I think I may have, but that might also have been on another site. I have converted their leaf blower, tire inflator, 1 gallon chemical sprayer, shear scrubber, and heat gun. Basically anything that I only use occasionally I am willing to buy in Bauer, if it's going to be used and abused I get the Dewalt.


----------



## GPO Man (11 mo ago)

Did you end up buying one? I'm interested in it as well.


----------



## Grizzly Adam (May 5, 2017)

GPO Man said:


> Did you end up buying one? I'm interested in it as well.


It hasn't been in my local store yet, and am on vacation. I plan to check the HF we will go past on the way home from the airport.


----------



## GPO Man (11 mo ago)

I stopped by HF this morning to look at it. Bauer tools are hit or miss but I was pretty impressed with the build quality so I bought one. I added a one year warranty just in case. The real test will come when I put down an application soon.


----------



## Grizzly Adam (May 5, 2017)

GPO Man said:


> I stopped by HF this morning to look at it. Bauer tools are hit or miss but I was pretty impressed with the build quality so I bought one. I added a one year warranty just in case. The real test will come when I put down an application soon.

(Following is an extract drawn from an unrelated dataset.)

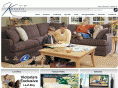 kaminfurniture.com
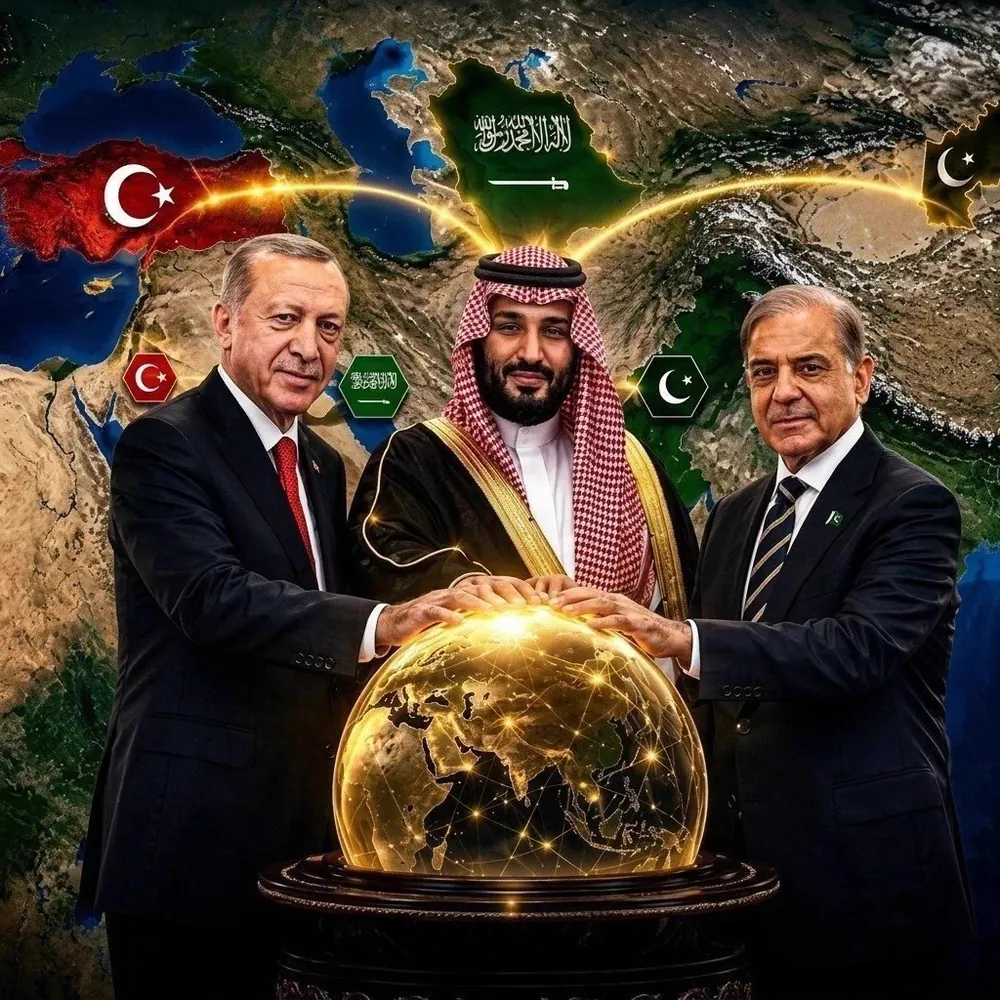 Mısır’dan Suudi Arabistan’a Kritik Askeri Destek Mesajı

Excellent. I am looking forward to getting and modding one.


----------



## Grizzly Adam (May 5, 2017)

I picked this up on the way home from the airport. Expect a mod thread in the near future.


----------



## GPO Man (11 mo ago)

Excellent. Loving mine so far.


----------



## Over the Hill (9 mo ago)

Do you guys know if this will work with a dewalt 20/60 flex volt battery? If so, I was thinking about picking this up. I'm also new to the board! Thanks for any help you guys can share.


----------



## Grizzly Adam (May 5, 2017)

Over the Hill said:


> Do you guys know if this will work with a dewalt 20/60 flex volt battery? If so, I was thinking about picking this up. I'm also new to the board! Thanks for any help you guys can share.


I haven't had luck getting the flex volt batteries to work with Bauer tools, just the regular 20v batteries (after modding).


----------



## GPO Man (11 mo ago)

Just did my first herbicide application with this sprayer. It worked great. No leaks, powerful spray, and is comfortable on the back. I had it filled to 3 gallons. I used a Bauer 5.0 Ah battery.


----------



## Grizzly Adam (May 5, 2017)

I got mine modded (go to that thread) and used it to lay down some Meso4c today. What a Cadillac! Love it.


----------



## Batsonbe (May 9, 2019)

Grizzly Adam said:


> I got mine modded (go to that thread) and used it to lay down some Meso4c today. What a Cadillac! Love it.


Is the battery compartment in this unit sealed in such a way that water could not affect it? I've heard that complaint about the chapin sprayers. The flow zone has a sealed off area for the battery.


----------



## Grizzly Adam (May 5, 2017)

The battery area is enclosed and a closed-clamshell design. They could have put some silicone down before closing the clam shell and made it a little safer, but with only a small hose coming out of the tank direct to the pump, it is unlikely anything will escape the tank. You are more likely to get wet refilling, and the battery does should stop that.


----------



## rjw0283 (May 11, 2020)

@GPO Man @Grizzly Adam I just bought one also. 
Do either of you have issues with the pickup tube on the bottom? Mine flops around and makes noise and the way it sits on the bottom it leaves over 1/2 gallon of liquid at the bottom of the tank and will not spray anymore. I took the tube off but since the threaded plastic piece sticks up about an inch it did not make a difference. I wondered if anyone else was having this issue. Other than that it is a good sprayer.


----------



## GPO Man (11 mo ago)

I do not. It uses all of the product in the tank for me.


----------



## NJ-lawn (Jun 25, 2018)

I think I'm going to pick one up…….I have a Ryobi 18v and it's horrible. Very weak and product left over in bottom of tank


----------



## rjw0283 (May 11, 2020)

GPO Man said:


> I do not. It uses all of the product in the tank for me.


Does it have a 6-8 inch tube with a filter on the bottom of the tank? I


----------



## rjw0283 (May 11, 2020)

This is what I am talking about.... Not the best design for this. Flops around and when I get to the last gallon or so it has issues


----------



## rjw0283 (May 11, 2020)

That is my biggest gripe about it. It needs the pickup because it has a big rise up in the bottom (the rectangle) so even if you took the hose off, it's a good 1 1/2 inches of liquid that is not getting sucked out. So I just added weights to the tube to keep it at the bottom... I'll see how that does on next spray next weekend.


----------



## Grizzly Adam (May 5, 2017)

I had an issue-- a leak developed. I found that the hose connection on the bottom side of the tank had come loose. It is installed with a spring clip, I will be upgrading it to a worm clamp to ensute that this never happens again.


----------